The news can be a wild card. New reports used to fill space, or biased industry generated content can influence markets. In fact; major agencies like Bloomberg were admittedly created specifically to influence and direct markets and investors. This can simply come in the form of companies distributing their own press releases and sponsored stories, or filler pieces on which cities could grow fastest. Due to how quickly this content can be syndicated and spun, it can certainly influence where individuals and some small firms look to buy real estate and invest. If they are fortunate, the speculation might pay off.

Statistics

There will certainly be a lot of statistics published in 2015. Unfortunately, most individuals and even many of those in the real estate industry don’t have enough access or awareness of broader, deeper, raw data. Are the numbers normal for the season? Are they seasonally adjusted, or not? How do they compare to different measurements? Statistics can generally be massaged and filtered to argue any case at all. Look at recent Brooklyn stats. On the surface, you could say average rents rose about 3% year-over-year from December 2013 to December 2014. However, a line graph shows that rents rose to a high point, and peaked in the summer, and then effectively lost half of their gains in the last 6 months of the year. You could also point out that within Brooklyn, Williamsburg 2 bedroom apartments rose almost 6% just between November and December 2014. Yet studio apartments in neighboring Greenpoint plummeted almost 13% for the same period.

Green Building

Green building features are now in high demand, if not expected in some areas. According to RIS Media, a new study has found that features like solar are truly adding a premium to home selling prices. If home buyers are willing to pay thousands more for greener homes, you can bet these homes also get more attention, and sell faster – if they are marketed well. There are many more green features which can be built into homes, communities, and real estate businesses.

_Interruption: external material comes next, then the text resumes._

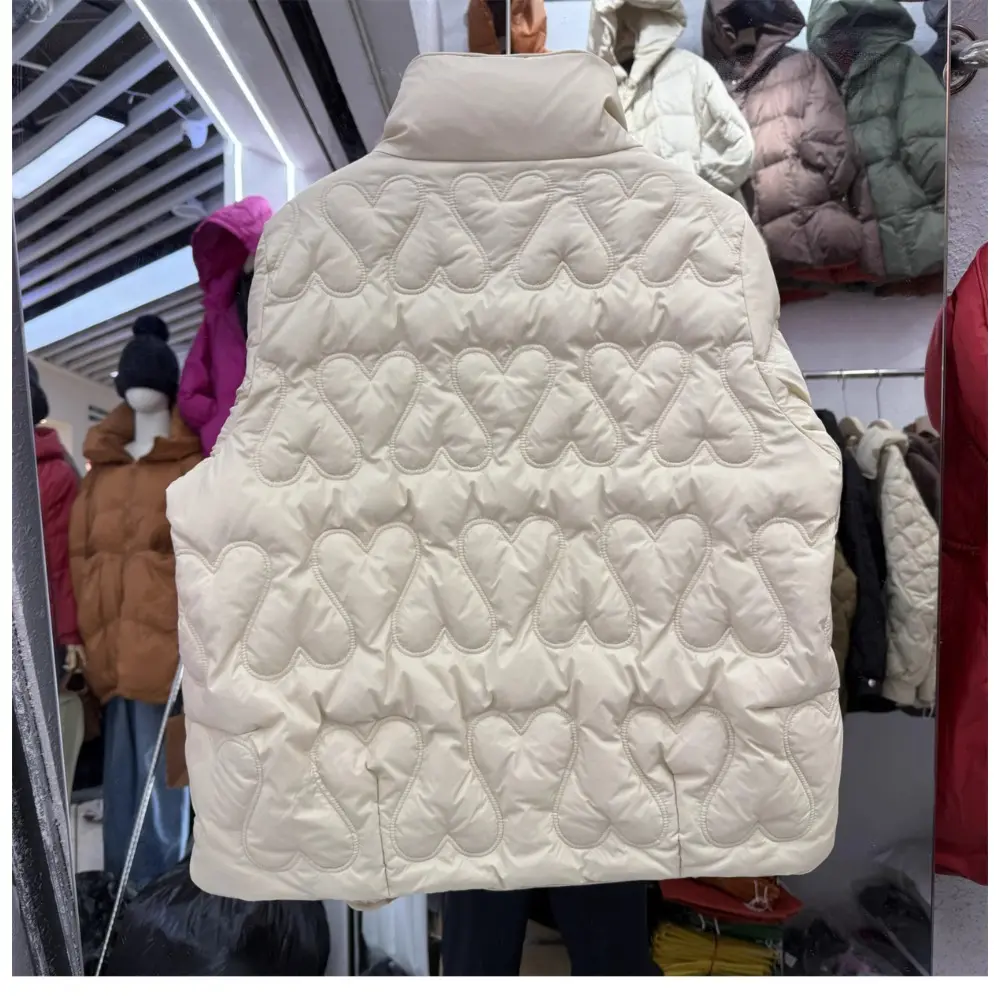 Down Jacket Women 2025 New Autumn Winter Stand Up Collar Fluffy Short Puffer Jacket Wave Pattern Loose 90% White Duck Down Coat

Reduced Down Payment Demands

Down payment requirements have reportedly been one of the biggest factors holding back a full rebound. Mortgage lenders are more rapidly easing underwriters and are rolling out new loan programs with low down payments. This is on top of the 100% financing home loans already out there. A recent report from Realtor Mag reports that almost 90% of homes now qualify for down payment aid, and that as of last count, over 90% of down payment assistance programs had funds for the asking. If more took advantage of these programs, we could see a dramatic boost in home buying in 2015.

Access to Education

While perhaps underestimated; access to information and real estate education is dramatically improving. This means better educated investors and consumers. The result is smarter home decisions. Yet, it also means that buyers and investors are more confident. Those that support them have a lot to win in 2015.